Oh the Rune's holding it's own just fine as the shreddy trail/jump ride.

Nice, need any more?


----------



## GearTech (Mar 3, 2009)

I dare you to keep these for more than 10 months... :thumbsup:


----------



## Metanoia (Jun 16, 2007)

nice bikes. but i'm more envious with the fact that your wife likes to ride on a dh bike. mine is averse to any sport that is under the sun hehehe


----------



## JMH (Feb 23, 2005)

*Shreddy Wives*



Metanoia said:


> nice bikes. but i'm more envious with the fact that your wife likes to ride on a dh bike. mine is averse to any sport that is under the sun hehehe


Stoked I will get to see these beasts tomorrow... Will be interesting to hear how they work out for you at DV, although I imagine they will be perfect up there.

Shreddy Wives Rockz!


----------



## Err (Mar 21, 2005)

GearTech said:


> I dare you to keep these for more than 10 months... :thumbsup:


10 months is a long time, lets not get carried away


----------



## GearTech (Mar 3, 2009)

Err said:


> 10 months is a long time, lets not get carried away


LOL I've been swapping bikes often myself and I'm finding that I miss some of the bikes I've sold off. I'll definitely miss the Cove STD that I'm on now when it eventually sells. Those Podiums look like keepers to me, at least for a couple years...


----------



## Iceman2058 (Mar 1, 2007)

Words don't begin to describe how jealous I get when I read about couples who ride together...(oh and nice toys too!!!  )...


----------



## ryan_daugherty (Oct 8, 2006)

Hey I'll be in whistler on the 20th, will you be up there then?


----------



## Err (Mar 21, 2005)

ryan_daugherty said:


> Hey I'll be in whistler on the 20th, will you be up there then?

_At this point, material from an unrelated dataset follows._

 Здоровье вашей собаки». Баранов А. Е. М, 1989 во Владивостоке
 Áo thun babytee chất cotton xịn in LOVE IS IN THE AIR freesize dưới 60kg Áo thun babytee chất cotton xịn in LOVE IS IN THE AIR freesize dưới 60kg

I'll make Vancouver by the 22nd, but probably not at Whistler until a few days later.


----------



## ryan_daugherty (Oct 8, 2006)

Err said:


> I'll make Vancouver by the 22nd, but probably not at Whistler until a few days later.


Well i'll wave on my way back down. I'll be driving back down to the U.S.A. on the 23rd.

- ryan


----------



## ryan_daugherty (Oct 8, 2006)

JMH said:


> Shreddy Wives Rockz!
> >


+1 
My girlfriend of almost 8 years went out and rode with my dad and I at Post Canyon on Saturday (her second time on a big bike). Best part about it, she had fun and wants to keep it up.


----------



## Rubberneck Goose (Aug 24, 2008)

*5 year anniversary*

Got my she-tiger an endorphin, picked up a new delirium for my self. The delirium has yet to show up (hopefully next week). Pictures to follow... I agree, girls that bike are awesome! :thumbsup:


----------



## Err (Mar 21, 2005)

Rubberneck Goose said:


> Got my she-tiger an endorphin, picked up a new delirium for my self. The delirium has yet to show up (hopefully next week). Pictures to follow... I agree, girls that bike are awesome! :thumbsup:


Outstanding! My wife rides an Endorphin too, sweet ride. That new Delirium is hawt chit as well.

I've got a few days on my Podium now, it flat rips. Whistler bound and ready to really break it in up there.


----------



## Rubberneck Goose (Aug 24, 2008)

By the by Err, your podium is the center-fold on my desk-top. Outstanding looking bike man!


----------



## essenmeinstuff (Sep 4, 2007)

William42 said:


> ridiculous, you win at bikes. perma, all time, win.


quoted just to make a point.

lol


----------



## Err (Mar 21, 2005)

Thanks much guys! The Podiums are all loaded up and ready for Whistler.

The green one went back to a regular road cassette and picked up some Black Chrome Chromag bars -









The blue one picked up a Ti spring, a 2.35 Muddy Mary rear tire, and the 6 speed setup that I was orig running on the green bike. Weight drop to 36.5 lbs -









Both bikes are just sick out on the trail. Love the linkage rates, cornering is nothing shy of perfectly composed, traction seems endless to the point of being spooky. Looking forward to 2 weeks of shredding BC on 'em.


----------